Recorded data:
====
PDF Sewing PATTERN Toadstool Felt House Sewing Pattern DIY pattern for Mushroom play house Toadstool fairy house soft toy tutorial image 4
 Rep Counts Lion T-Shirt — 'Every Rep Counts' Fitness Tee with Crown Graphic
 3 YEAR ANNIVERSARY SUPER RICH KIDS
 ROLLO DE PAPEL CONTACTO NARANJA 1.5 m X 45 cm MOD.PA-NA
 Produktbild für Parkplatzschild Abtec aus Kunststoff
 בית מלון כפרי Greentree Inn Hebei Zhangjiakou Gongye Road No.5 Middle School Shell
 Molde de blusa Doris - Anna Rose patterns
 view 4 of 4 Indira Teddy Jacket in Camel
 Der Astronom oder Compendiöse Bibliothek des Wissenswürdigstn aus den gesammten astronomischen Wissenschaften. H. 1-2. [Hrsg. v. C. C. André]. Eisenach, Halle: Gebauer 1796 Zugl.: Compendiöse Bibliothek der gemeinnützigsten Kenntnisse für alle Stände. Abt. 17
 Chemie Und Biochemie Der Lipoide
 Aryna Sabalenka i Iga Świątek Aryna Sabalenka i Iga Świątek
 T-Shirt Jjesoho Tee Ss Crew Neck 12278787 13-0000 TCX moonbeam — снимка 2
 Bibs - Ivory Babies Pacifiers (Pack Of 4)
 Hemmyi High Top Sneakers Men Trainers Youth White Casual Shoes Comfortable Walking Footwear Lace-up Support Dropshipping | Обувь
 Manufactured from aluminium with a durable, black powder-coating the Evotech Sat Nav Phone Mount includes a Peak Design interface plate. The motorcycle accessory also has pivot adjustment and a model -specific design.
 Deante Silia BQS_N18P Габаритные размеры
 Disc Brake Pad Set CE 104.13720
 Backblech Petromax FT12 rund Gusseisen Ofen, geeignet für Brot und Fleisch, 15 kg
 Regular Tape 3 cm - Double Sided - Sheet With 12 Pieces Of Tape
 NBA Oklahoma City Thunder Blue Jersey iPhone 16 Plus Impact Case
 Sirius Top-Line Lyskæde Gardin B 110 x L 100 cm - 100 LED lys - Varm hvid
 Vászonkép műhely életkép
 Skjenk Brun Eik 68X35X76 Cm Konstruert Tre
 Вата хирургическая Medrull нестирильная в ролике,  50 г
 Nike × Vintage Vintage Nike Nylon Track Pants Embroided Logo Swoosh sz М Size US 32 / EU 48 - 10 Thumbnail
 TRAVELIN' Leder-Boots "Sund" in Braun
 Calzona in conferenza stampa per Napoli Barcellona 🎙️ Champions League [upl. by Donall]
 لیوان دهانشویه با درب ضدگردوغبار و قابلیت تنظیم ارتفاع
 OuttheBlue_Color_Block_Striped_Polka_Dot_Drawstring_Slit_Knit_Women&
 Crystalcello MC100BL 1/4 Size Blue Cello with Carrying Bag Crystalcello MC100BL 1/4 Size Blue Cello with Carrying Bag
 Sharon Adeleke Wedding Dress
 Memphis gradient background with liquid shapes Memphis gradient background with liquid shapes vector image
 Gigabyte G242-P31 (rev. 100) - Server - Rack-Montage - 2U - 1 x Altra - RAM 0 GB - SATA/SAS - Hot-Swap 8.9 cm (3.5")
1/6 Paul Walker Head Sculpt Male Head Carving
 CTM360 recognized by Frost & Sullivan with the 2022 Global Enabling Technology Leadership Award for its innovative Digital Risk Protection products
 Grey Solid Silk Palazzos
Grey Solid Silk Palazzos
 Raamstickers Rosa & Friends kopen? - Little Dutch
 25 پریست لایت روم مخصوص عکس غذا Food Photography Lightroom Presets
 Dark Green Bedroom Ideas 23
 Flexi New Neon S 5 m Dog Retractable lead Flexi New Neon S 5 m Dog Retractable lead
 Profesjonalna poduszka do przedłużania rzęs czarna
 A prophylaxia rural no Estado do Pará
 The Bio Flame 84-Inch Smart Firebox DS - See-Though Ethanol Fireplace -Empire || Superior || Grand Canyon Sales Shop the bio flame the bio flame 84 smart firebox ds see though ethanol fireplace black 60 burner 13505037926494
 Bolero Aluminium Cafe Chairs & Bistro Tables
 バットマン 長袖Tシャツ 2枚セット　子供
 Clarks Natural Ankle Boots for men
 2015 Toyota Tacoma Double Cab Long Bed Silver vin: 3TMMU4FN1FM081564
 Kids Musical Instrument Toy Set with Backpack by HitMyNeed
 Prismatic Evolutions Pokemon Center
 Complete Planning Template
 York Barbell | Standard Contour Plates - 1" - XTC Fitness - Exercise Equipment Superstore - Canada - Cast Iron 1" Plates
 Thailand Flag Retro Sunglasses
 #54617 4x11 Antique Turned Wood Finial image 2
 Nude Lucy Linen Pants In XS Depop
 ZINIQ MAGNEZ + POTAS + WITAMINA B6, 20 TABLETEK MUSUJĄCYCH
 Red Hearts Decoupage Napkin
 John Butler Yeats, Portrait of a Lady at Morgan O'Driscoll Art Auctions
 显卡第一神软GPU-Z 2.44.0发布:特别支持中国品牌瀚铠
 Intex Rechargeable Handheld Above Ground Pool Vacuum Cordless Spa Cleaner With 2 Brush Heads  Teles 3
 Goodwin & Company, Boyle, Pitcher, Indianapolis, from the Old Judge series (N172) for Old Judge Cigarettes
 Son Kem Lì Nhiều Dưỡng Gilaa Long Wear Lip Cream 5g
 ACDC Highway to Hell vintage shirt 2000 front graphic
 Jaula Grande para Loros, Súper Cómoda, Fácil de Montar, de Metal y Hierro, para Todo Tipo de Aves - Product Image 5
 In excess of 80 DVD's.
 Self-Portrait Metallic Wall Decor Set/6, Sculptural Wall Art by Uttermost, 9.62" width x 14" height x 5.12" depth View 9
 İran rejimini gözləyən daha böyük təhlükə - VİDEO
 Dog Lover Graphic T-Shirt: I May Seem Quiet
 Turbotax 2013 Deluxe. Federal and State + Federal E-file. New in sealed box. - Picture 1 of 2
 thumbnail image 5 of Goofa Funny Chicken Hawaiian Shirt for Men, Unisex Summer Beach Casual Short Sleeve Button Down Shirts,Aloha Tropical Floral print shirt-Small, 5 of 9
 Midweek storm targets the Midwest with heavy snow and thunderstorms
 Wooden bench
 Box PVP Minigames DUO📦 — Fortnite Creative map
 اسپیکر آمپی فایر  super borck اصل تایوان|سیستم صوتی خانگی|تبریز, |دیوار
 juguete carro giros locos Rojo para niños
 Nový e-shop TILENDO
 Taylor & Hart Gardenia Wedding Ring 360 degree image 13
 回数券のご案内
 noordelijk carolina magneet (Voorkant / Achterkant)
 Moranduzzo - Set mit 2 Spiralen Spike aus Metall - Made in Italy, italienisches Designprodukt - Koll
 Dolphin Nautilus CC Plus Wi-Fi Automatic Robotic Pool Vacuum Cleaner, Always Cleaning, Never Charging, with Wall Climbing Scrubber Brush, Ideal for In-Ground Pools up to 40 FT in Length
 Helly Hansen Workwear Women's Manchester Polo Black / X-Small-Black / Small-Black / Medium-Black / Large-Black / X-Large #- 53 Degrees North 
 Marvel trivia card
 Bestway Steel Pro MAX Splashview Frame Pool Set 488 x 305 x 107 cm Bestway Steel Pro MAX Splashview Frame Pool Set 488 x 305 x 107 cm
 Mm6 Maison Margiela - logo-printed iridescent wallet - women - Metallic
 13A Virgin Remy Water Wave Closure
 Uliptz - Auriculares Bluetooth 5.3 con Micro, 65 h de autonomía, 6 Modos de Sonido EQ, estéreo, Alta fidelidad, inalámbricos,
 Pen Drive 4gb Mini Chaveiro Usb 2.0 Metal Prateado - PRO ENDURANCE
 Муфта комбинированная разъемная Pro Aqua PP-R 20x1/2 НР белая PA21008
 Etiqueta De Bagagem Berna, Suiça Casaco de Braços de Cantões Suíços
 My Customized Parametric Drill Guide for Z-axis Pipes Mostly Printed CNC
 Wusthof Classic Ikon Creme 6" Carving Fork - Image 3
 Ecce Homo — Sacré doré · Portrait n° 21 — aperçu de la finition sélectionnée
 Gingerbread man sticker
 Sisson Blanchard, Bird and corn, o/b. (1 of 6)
====
Exercise goal:
Repeat only what lies between the first line of the data and the line containing "Hemmyi High Top", both of those lines included, exactly as it stands.

Task answer:
PDF Sewing PATTERN Toadstool Felt House Sewing Pattern DIY pattern for Mushroom play house Toadstool fairy house soft toy tutorial image 4
 Rep Counts Lion T-Shirt — 'Every Rep Counts' Fitness Tee with Crown Graphic
 3 YEAR ANNIVERSARY SUPER RICH KIDS
 ROLLO DE PAPEL CONTACTO NARANJA 1.5 m X 45 cm MOD.PA-NA
 Produktbild für Parkplatzschild Abtec aus Kunststoff
 בית מלון כפרי Greentree Inn Hebei Zhangjiakou Gongye Road No.5 Middle School Shell
 Molde de blusa Doris - Anna Rose patterns
 view 4 of 4 Indira Teddy Jacket in Camel
 Der Astronom oder Compendiöse Bibliothek des Wissenswürdigstn aus den gesammten astronomischen Wissenschaften. H. 1-2. [Hrsg. v. C. C. André]. Eisenach, Halle: Gebauer 1796 Zugl.: Compendiöse Bibliothek der gemeinnützigsten Kenntnisse für alle Stände. Abt. 17
 Chemie Und Biochemie Der Lipoide
 Aryna Sabalenka i Iga Świątek Aryna Sabalenka i Iga Świątek
 T-Shirt Jjesoho Tee Ss Crew Neck 12278787 13-0000 TCX moonbeam — снимка 2
 Bibs - Ivory Babies Pacifiers (Pack Of 4)
 Hemmyi High Top Sneakers Men Trainers Youth White Casual Shoes Comfortable Walking Footwear Lace-up Support Dropshipping | Обувь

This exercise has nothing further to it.